Task requirements
The answer must be every line from the listing that holds the string "Home".

Exercise data
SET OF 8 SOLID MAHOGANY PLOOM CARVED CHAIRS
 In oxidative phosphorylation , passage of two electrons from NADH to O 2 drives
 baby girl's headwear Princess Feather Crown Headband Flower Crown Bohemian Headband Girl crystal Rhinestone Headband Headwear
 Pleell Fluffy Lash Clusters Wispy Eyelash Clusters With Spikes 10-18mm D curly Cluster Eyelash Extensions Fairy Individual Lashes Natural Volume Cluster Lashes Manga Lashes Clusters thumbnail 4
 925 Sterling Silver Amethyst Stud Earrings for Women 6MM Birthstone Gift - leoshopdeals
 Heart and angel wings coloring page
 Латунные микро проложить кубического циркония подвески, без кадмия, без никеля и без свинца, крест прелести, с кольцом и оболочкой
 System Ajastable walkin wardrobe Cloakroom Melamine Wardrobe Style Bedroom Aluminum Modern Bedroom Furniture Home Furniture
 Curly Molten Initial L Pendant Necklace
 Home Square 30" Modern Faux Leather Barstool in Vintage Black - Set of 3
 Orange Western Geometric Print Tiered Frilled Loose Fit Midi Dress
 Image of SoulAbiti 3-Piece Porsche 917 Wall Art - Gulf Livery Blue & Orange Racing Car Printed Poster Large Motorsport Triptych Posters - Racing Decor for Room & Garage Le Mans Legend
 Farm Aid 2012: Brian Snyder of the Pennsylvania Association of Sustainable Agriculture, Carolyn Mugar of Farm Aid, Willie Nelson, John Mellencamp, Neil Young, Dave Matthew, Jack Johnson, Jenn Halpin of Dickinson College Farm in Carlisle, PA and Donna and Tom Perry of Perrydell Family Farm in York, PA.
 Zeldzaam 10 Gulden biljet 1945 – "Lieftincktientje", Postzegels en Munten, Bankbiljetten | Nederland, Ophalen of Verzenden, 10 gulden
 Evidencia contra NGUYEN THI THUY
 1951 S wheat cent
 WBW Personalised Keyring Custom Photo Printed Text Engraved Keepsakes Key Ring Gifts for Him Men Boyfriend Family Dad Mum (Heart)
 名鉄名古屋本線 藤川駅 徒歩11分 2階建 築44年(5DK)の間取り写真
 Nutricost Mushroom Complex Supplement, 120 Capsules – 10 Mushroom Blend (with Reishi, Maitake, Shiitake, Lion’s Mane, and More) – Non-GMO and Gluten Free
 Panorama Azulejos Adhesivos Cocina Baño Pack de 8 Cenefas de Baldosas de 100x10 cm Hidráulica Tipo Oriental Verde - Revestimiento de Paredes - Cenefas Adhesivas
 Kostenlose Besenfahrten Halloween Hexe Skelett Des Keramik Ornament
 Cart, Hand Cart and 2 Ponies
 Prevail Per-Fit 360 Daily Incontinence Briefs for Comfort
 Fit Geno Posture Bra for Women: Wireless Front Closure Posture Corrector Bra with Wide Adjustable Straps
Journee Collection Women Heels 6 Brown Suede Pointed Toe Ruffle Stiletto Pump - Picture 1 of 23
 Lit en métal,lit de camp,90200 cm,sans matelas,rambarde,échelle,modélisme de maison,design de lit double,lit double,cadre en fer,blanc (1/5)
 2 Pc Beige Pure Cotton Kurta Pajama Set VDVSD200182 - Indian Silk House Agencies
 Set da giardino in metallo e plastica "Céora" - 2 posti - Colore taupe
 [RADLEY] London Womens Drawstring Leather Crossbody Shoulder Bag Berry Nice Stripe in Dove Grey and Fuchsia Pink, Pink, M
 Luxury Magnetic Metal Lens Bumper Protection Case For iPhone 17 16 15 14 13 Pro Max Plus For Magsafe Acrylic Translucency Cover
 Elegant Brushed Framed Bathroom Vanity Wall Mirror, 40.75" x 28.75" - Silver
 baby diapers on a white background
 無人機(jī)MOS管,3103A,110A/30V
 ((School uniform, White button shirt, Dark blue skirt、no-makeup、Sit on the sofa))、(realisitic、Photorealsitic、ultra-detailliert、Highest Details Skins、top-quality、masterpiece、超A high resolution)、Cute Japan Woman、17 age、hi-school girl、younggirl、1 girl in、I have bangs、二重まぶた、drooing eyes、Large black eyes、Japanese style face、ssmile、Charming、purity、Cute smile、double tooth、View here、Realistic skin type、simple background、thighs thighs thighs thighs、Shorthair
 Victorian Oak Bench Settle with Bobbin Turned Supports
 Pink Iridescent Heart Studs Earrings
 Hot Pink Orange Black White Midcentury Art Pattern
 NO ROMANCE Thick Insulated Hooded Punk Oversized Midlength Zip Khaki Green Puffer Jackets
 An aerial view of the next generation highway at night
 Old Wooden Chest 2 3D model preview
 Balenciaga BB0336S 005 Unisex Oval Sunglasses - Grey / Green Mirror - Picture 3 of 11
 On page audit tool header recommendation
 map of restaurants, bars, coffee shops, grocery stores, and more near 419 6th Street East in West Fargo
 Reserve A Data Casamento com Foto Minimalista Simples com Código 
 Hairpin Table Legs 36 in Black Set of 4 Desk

Exercise solution
 System Ajastable walkin wardrobe Cloakroom Melamine Wardrobe Style Bedroom Aluminum Modern Bedroom Furniture Home Furniture
 Home Square 30" Modern Faux Leather Barstool in Vintage Black - Set of 3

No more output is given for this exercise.